ABZOCKE: Die Verbraucherzentrale Brandenburg warnte vor überteuerten Angeboten im Internet. Verbraucher berichteten, dass es auf Portalen wie Ebay immer mehr derzeit heiß gehandelte Waren wie Toilettenpapier und Hefe zu dreisten Preisen gebe. "Melden Sie diese Angebote beim Plattformbetreiber und lassen Sie die Finger davon!", rieten die Verbraucherschützer.

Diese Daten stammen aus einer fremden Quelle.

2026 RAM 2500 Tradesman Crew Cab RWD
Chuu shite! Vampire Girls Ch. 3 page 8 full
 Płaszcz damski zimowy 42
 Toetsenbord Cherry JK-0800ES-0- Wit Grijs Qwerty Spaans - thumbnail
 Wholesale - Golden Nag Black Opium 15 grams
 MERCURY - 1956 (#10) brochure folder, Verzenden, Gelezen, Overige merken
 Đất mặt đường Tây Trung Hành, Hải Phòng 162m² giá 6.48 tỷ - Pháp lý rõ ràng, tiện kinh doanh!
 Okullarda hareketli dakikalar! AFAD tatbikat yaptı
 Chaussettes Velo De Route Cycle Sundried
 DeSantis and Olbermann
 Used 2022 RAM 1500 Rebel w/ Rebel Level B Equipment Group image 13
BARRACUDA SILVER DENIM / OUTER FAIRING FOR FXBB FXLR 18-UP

LANDTAG: Der Landtag will wegen der Corona-Krise notfalls auch nur mit rund einem Viertel seiner Abgeordneten weiterarbeiten können. Das Parlament solle auch mit mindestens 23 der 88 Abgeordneten Beschlüsse fassen können, heißt es in einer Empfehlung an den Landtag, für die sich der Hauptausschuss mit großer Mehrheit aussprach. Das Präsidium soll den Fall einer Notlage feststellen. Der Landtag ist derzeit mit mindestens 45 Abgeordneten beschlussfähig. Die neue Mindestbegrenzung soll bis Ende Juni gelten. Bisher ist noch kein Fall bekannt, dass ein Abgeordneter positiv auf das Coronavirus getestet wurde.